Cell culture system specifically expresses astrocyte mRNA cell markers. A: plot of average mRNA expression for subset of astrocyte cell markers among sample groups from 8 time points in Dexamethasone (Dex) time course. B: plot of average mRNA expression for subset of cell markers associated with additional brain cell types (neurons, oligodendrocytes, microglia). Bars for each mRNA are colored according to the cell type association. Error bars display SE.

Fig. 2.

Dex dynamically regulates specific mRNAs in astrocytes in vitro over 24 h time course. A: plot of number of genes that show >2-fold regulation by dexamethasone over time (P < 0.05).
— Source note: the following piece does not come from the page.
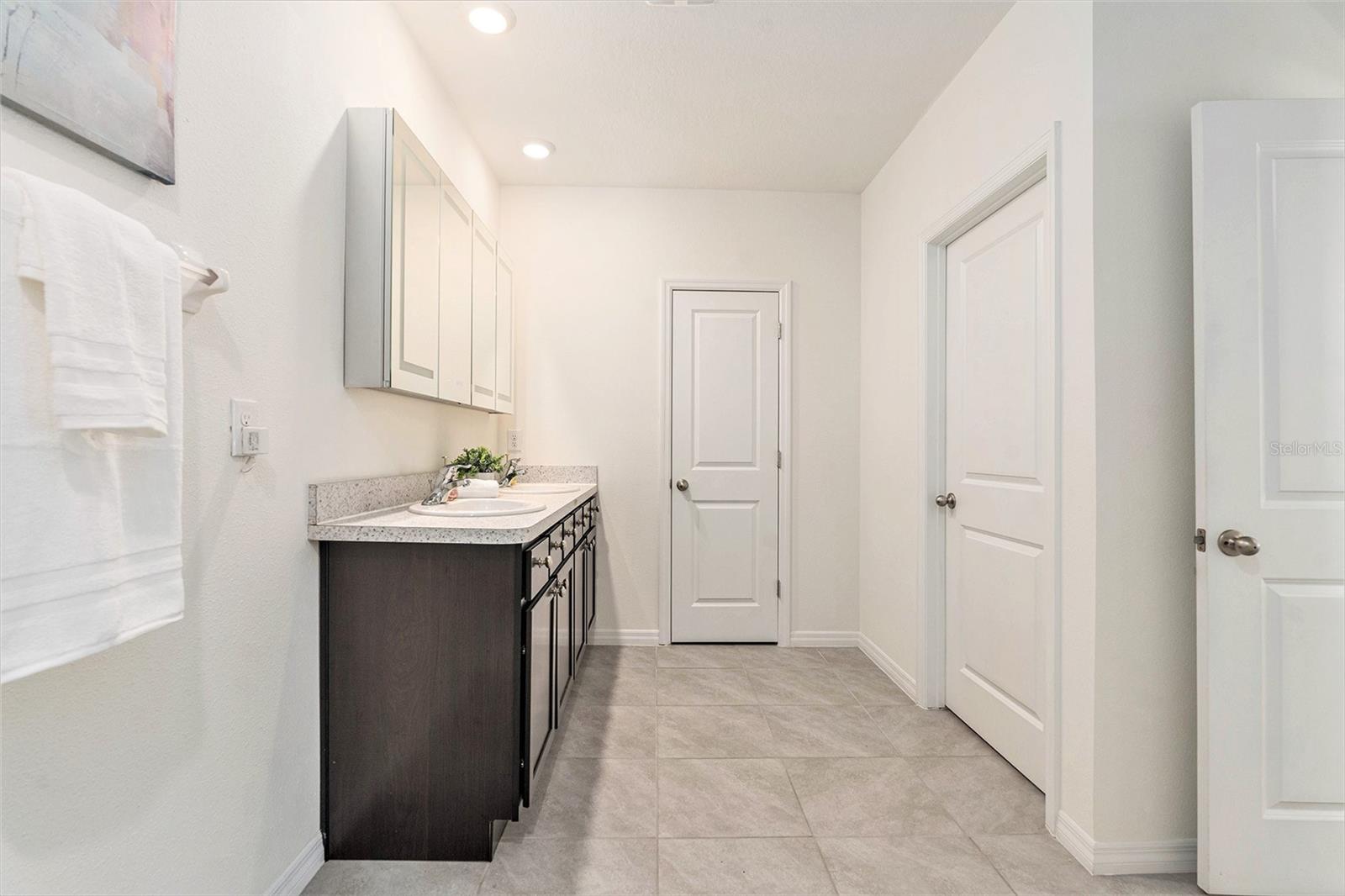 10506 PENNY GALE LOOP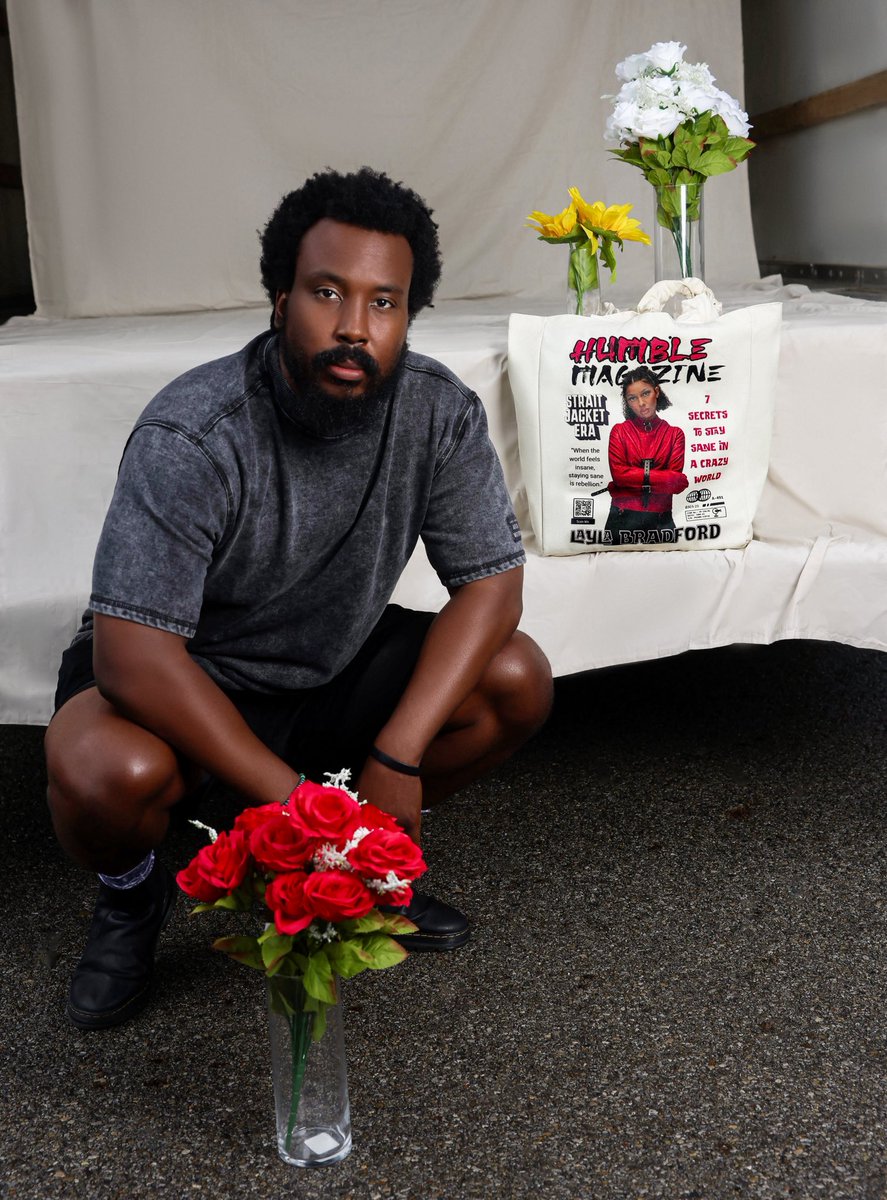 MagazineHumble's tweet photo. Local man refuses to be basic. Carries the evidence. https://t.co/alkCvS9ZNK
B: comparison of linear fold-change mRNA expression values of microarray data with qPCR data for select mRNAs regulated by Dex treatment (vs. vehicle). Data ordered based on magnitude of mRNA expression change in 2 h qPCR data. HR, hours; boldface = P < 0.05; italics = P > 0.05.

Fig. 3.

Clustering analysis of Dex gene expression time course data yields distinct sets of genes that contain similar gene ontology (GO) categories. A: table of number of genes per cluster and cluster centers (average log₂ value) over the time course. B: graph of 4 GO term-associated cluster centers from k-means cluster analysis. C: table of graphed clusters and their corresponding most significant GO terms.

Fig. 4.

mRNAs regulated by synthetic glucocorticoid in primary astrocyte cultures are also regulated by natural ligand and the regulation is attenuated by GR antagonist. A: plot of number of genes that show >2-fold mRNA expression change due to corticosterone (Cort) that is attenuated by RU486 cotreatment (Cort/RU) (P < 0.05). B: table of qPCR validation data on select Cort-sensitive mRNAs. Genes ordered by magnitude of fold-change due to 2 h Cort exposure. C: proportional Venn diagram of overlap of genes regulated >2-fold by Dex at 2, 4, or 6 h vs. genes regulated by Cort (P < 0.05) and attenuated by RU486 (P > 0.05) at those same time points. D: graph characterizing genes regulated by both Dex and Cort ≥2-fold and also attenuated by RU486 in terms of previous literature reporting and direction of regulation. Regulated by Cort = P < 0.05, attenuated by RU = P > 0.05. FC, fold-change; boldface = P < 0.05, italics = P > 0.05.

Fig. 5.

A portion of mRNAs regulated by glucocorticoids in cortical astrocyte cultures is also regulated by glucocorticoids in hippocampal astrocyte cultures. qPCR data of select mRNAs regulated by Dex treatment in cortical astrocyte cultures that are also hippocampal astrocyte cultures. Genes ordered based on 2 h FC values. Boldface = P < 0.05, italics = P > 0.05.

Fig. 6.

Certain mRNAs regulated by Dex are astrocyte enriched. A: table of genes found to be regulated ≥2-fold by Dex and Cort in both microarray and qPCR experiments and their reported enrichment in astrocytes relative to other neural cell types. Genes arranged by magnitude of enrichment. *Cahoy et. al., (8). B: proportional Venn diagram of overlap of total number of unique Dex-regulated mRNAs with 3 subsets of astrocyte-enriched mRNAs. C: table containing most statistically significant GO category associated with 3 astrocyte-enriched mRNA subsets of Dex-regulated mRNAs in B. D: plot of percentage of astrocyte-enriched mRNAs as a function of total mRNAs regulated ≥2-fold by Dex over time.